APPENDIX TO
LECTURE 5
I. Proof
for the Theorem of Pythagoras.
(As it
has been impossible to reproduce the diagrams in colour, the forms
which Dr. Steiner referred to by their colours have been indicated by
letters or numbers.) It is quite easy to do this proof if the
triangle is isosceles. If you have here a rightangled isosceles
triangle (see diagram a.), then this is one side, this is the other
and this the hypotenuse. This square (1, 2, 3, 4) is the square on
the hypotenuse. The squares (2, 5) and (4, 6) are the squares on the
other two sides.
Now if I
plant potatoes evenly in these two fields (2, 5) and (4, 6), I shall
get just as many as if I plant potatoes in
this field
(1, 2, 3, 4). (1, 2, 3, 4) is the square on the hypotenuse, and the
two fields (2, 5) and (4, 6) are the squares on the other two
sides.
You can
make the proof quite obvious by saying: the parts (2) and (4) of the
two smaller squares fall into this space here (1, 2, 3, 4, the square
on the hypotenuse); they are already within it. The part (5) exactly
fits in to the space (3), and if you cut out the whole thing you can
take the triangle (6) and apply it to (1), and you will see at once
that it is the same. So that the proof is quite clear if you have a
socalled rightangled isosceles triangle.
If
however you have a triangle that is not isosceles, but has unequal
sides (see diagram b.), you can do it as follows:
draw the
triangle again ABC; then draw the square on the hypotenuse ABDE.
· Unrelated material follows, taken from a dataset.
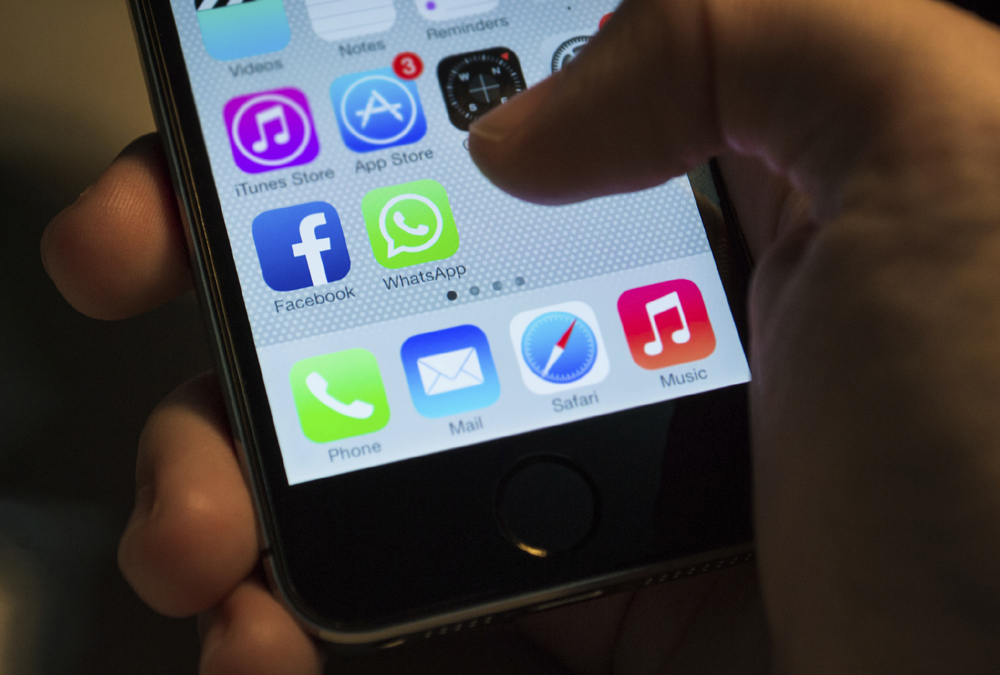 Facebook Finalizes WhatsApp Acquisition – Eight Months After First ...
Proceed as follows: draw the triangle ABC again over here, DBF. Then
this triangle ABC or DBF (which is the same), can be put up there,
AGE. Since you now have this triangle repeated over there, you can
draw the square over one of the other sides, CAGH.
As you
see, I can now also draw this triangle DEI congruent to BCA. Then the
square DIHF is the square on the other side. Here I have both the
square on the one side and the square on the other side. In the one
case I use the side AG and in the other case the side DI. The two
triangles AEG and DEI are congruent. Where is then the square on the
hypotenuse? It is the square ABDE. Now I have to show from the figure
itself that (1, 2) and (3, 4, 5) together make up (2, 4, 6, 7). Now I
first take the square (1, 2); this has the triangle (2) in common
with the square on the hypotenuse ABDE and section (4) of the square
on the other side HIDF is also contained in ABDE. Thus I get this
figure (2, 4) which you see drawn here and which is actually a piece
of the square ABDE. This only leaves parts (1, 3 and 5) of the
squares AGHC and DIHF to be fitted into the square on the hypotenuse
ABDE. Now you can take part (5) and lay it over part (6), but you
will still have this corner (1, 3) left over. If you cut this out you
will discover that these two areas (1, 3) fit into this area (7). Of
course it can be drawn more clearly but I think you will understand
the process.